Several studies in orthopaedics and other specialties exist where ML is touted in the title, but linear regression demonstrates the best performance.30 Readers must be able to separate hype from true advances. When evaluating a paper which uses ML algorithm, one should first identify what type of algorithms was used: classic ML or DNNs? Were one or multiple data modalities incorporated?

What is the sample size? Was data augmentation used? Did they make use of transfer learning? Transfer learning involves using knowledge gained from a model pretrained on a related task and then retraining it on a target task to enhance performance.

What performance metrics are reported? As mentioned above, reporting just overall accuracy of the model is not representative of an algorithm's ability to learn when classes are unbalanced. Was performance reported only on the training data set or validation data set? Was there an external testing data set?

What aspects aiding model interpretability have been reported by the authors? It is not enough to simply provide a prediction. In order to peel back the ‘black box’ of machine learning and trust the predictions, clinicians should know why the model is making a prediction. Some classic ML algorithms like random forests allow the relative importance of predictor variables to be visualized. To determine this, the algorithm removes a predictor variable and records the resulting decrease in performance.

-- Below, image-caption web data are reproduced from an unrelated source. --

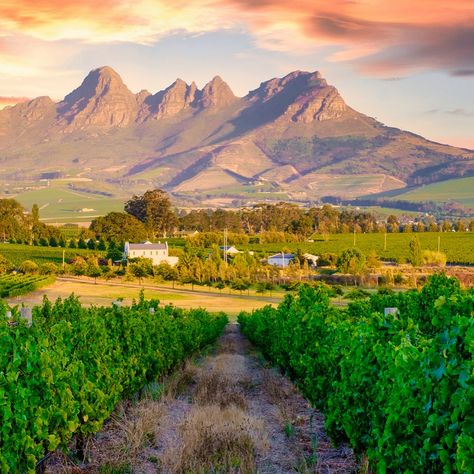 Seafood, wine, and gorgeous views? Yes, please! One of our favorite spots to indulge in five-star dining amidst the breathtaking landscapes of the African wilderness is in Stellenbosch. Located 31 miles from Cape Town, this hidden gem is a must-see. #seafood #finedining #lobster #winetasting #vineyard #winecountry #southafrica #dutcharchitecture #history #africanwinery Creative Writing Prompts, Gorgeous View, Breathtaking Landscapes, Hidden Gem, Wine Country, Wine Tasting, Cape Town, Creative Writing, Writing Prompts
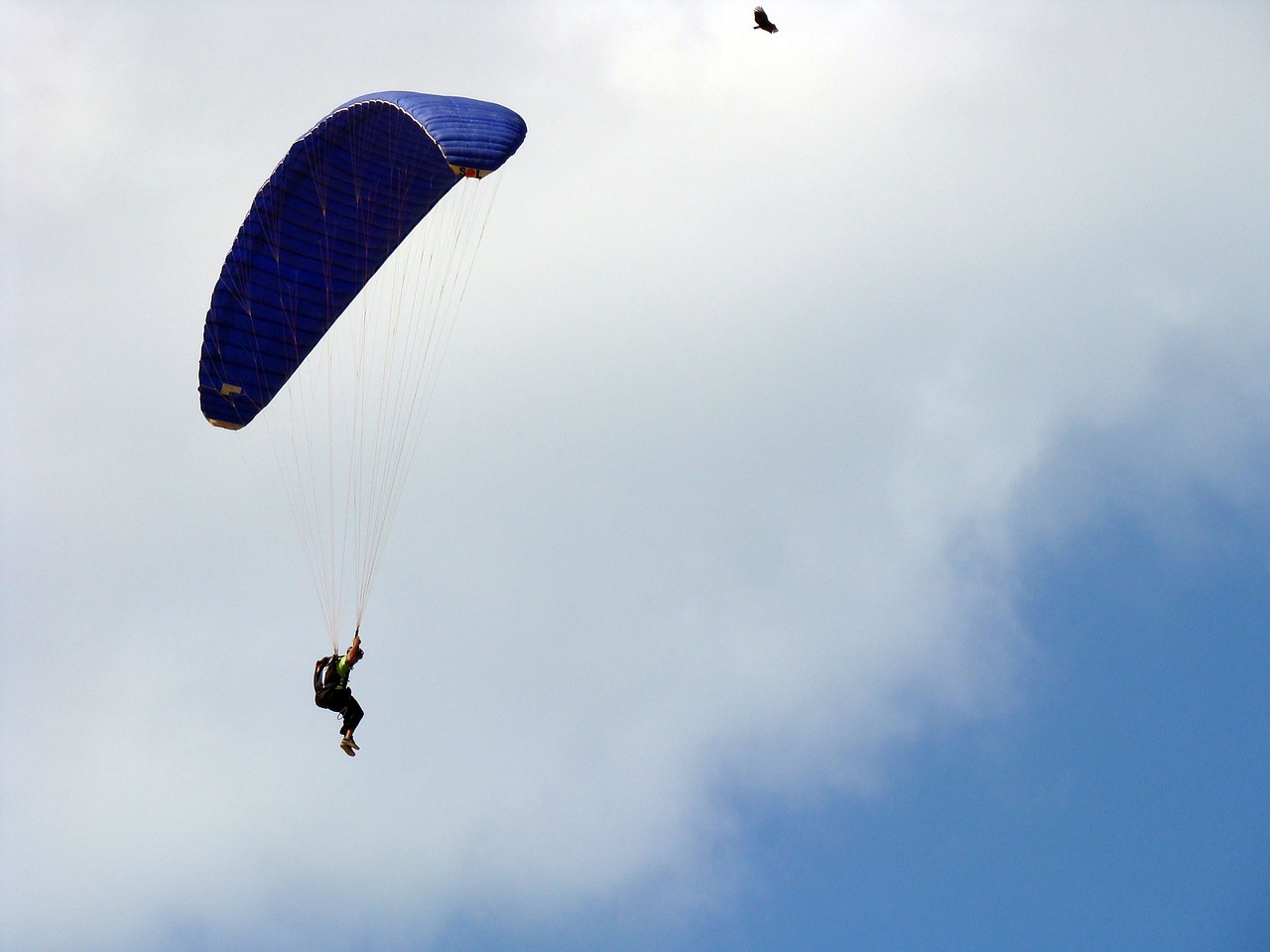 bird parachuting parachute free photo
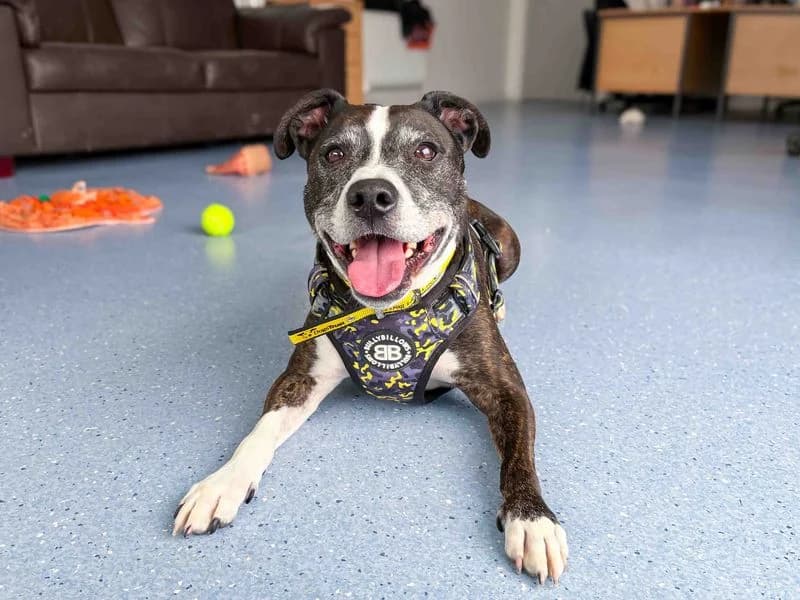 Marley, male senior Staffordshire Bull Terrier for adoption at Dogs Trust Darlington, Sadberge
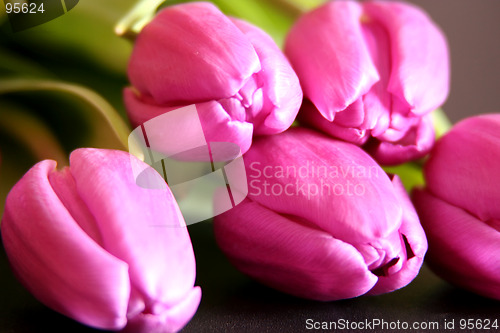 Image of Tulips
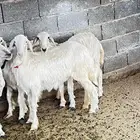 غنم اباكير شرط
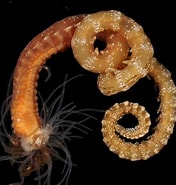 Image result for "nicolea Venustula". Size: 176 x 185. Source: www.aphotomarine.com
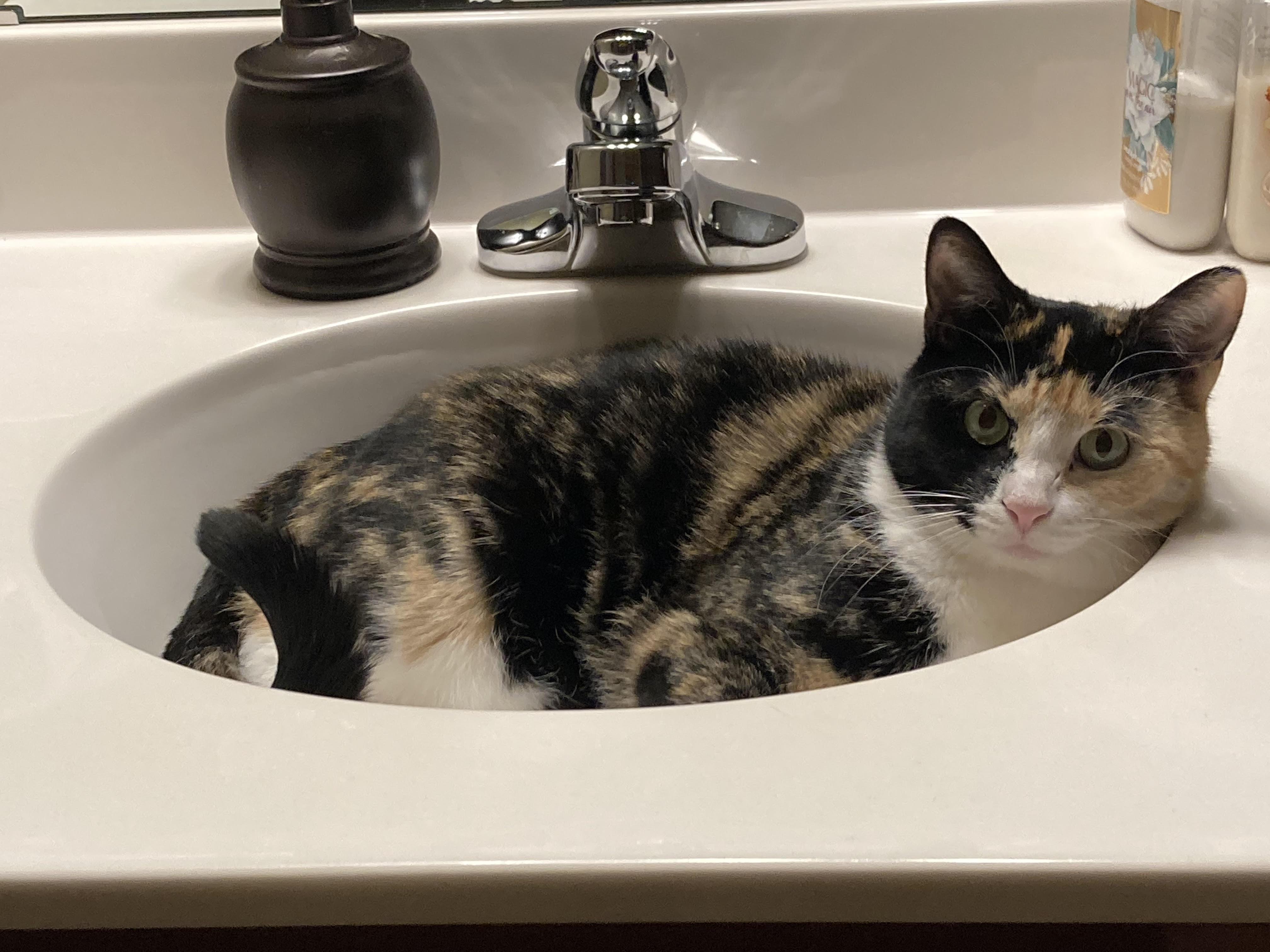 Enlarge INDY, an adoptable Domestic Short Hair in Lake City, MN image 3/4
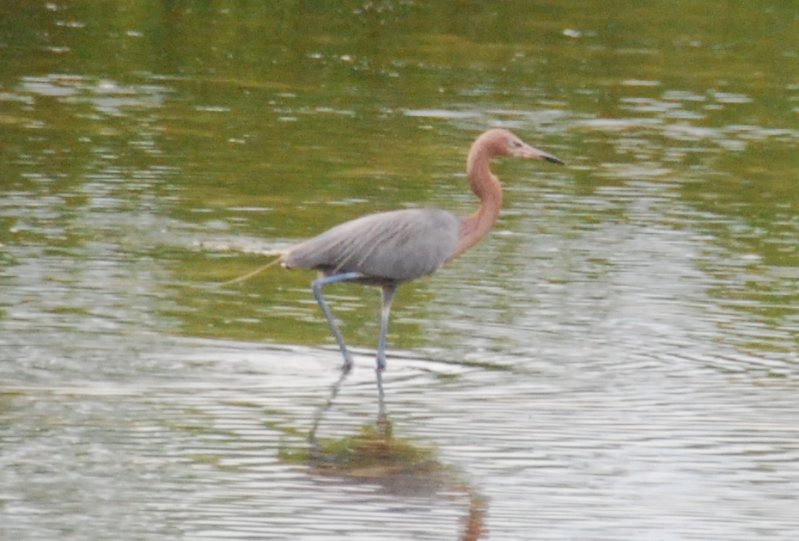 DSC_0004-1.JPG - Ding Darling -- Reddish Egret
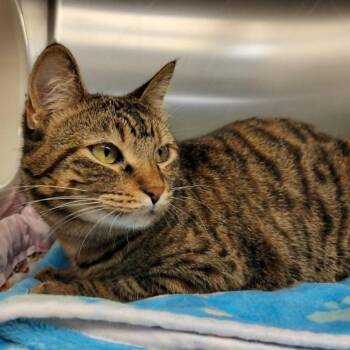 Ziggy -  Domestic Short Hair Cat Available for Adoption in Columbia, Missouri - Ziggy | PetCurious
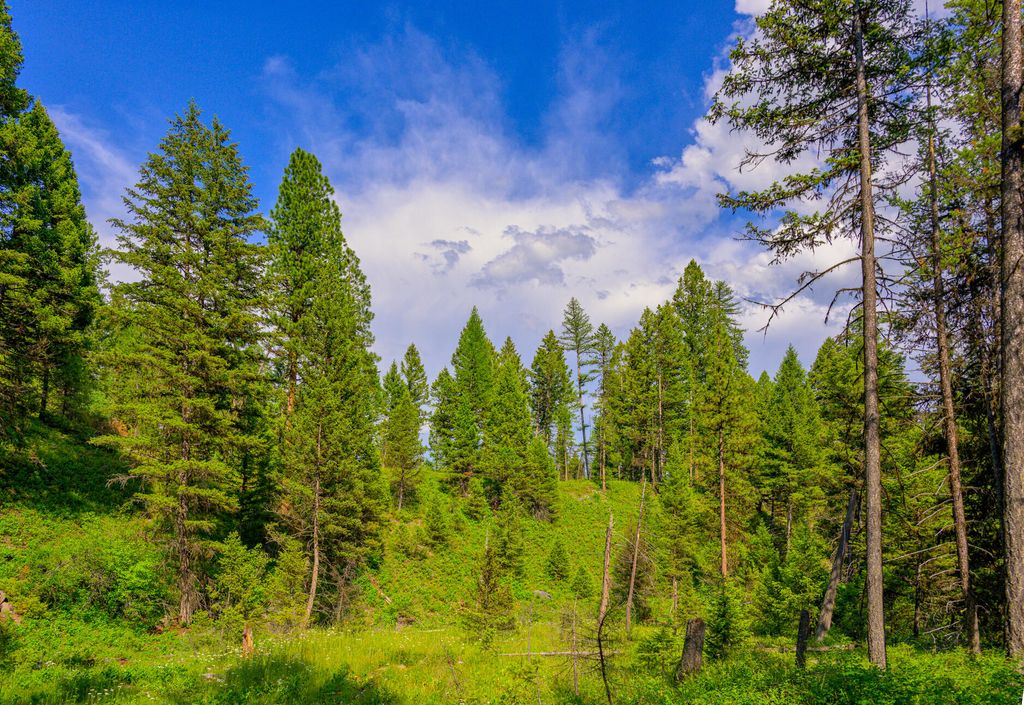 1355 Lindbergh Lake Road, Condon, MT 59826 photo 41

Variables are then ranked by their contribution to overall accuracy of the model.

For models analyzing images, attention maps or heat maps can be used to determine which pixels are most contributing to the model's predictions. For example, Navarro et al31 used a unimodal CNN (DenseNet 121) to analyze individual slices of the MRI of a sarcoma and predict if it is high grade or low grade. They demonstrate heat maps for examples where the model was correct (heat map corresponds to areas of the sarcoma) and instances where the model was wrong (heat map is overlayed onto empty pixels). By knowing which pixels a CNN is paying attention to, physicians can understand what aspects of an image are deemed most salient or if spurious associations were made (Figure 4).

F4Figure 4:

A, An axial MRI slice depicting a soft-tissue sarcoma used to train a multimodal neural network. B, A corresponding heat map from the same patient is displayed. Pixels shaded in red are those that the network deemed most salient for its predictions.

Reporting guidelines such as Transparent reporting of a multivariable prediction model for individual prognosis or diagnosis (TRIPOD-AI), Checklist for Artificial Intelligence in Medical Imaging, and other risk of bias tools have been developed for AI models and continue to be refined.32,33 These checklists can be applied to the AI studies being reviewed and should be used when designing a study using deep learning methods. We provide a checklist to aid in critically appraising studies using ML (Table 2).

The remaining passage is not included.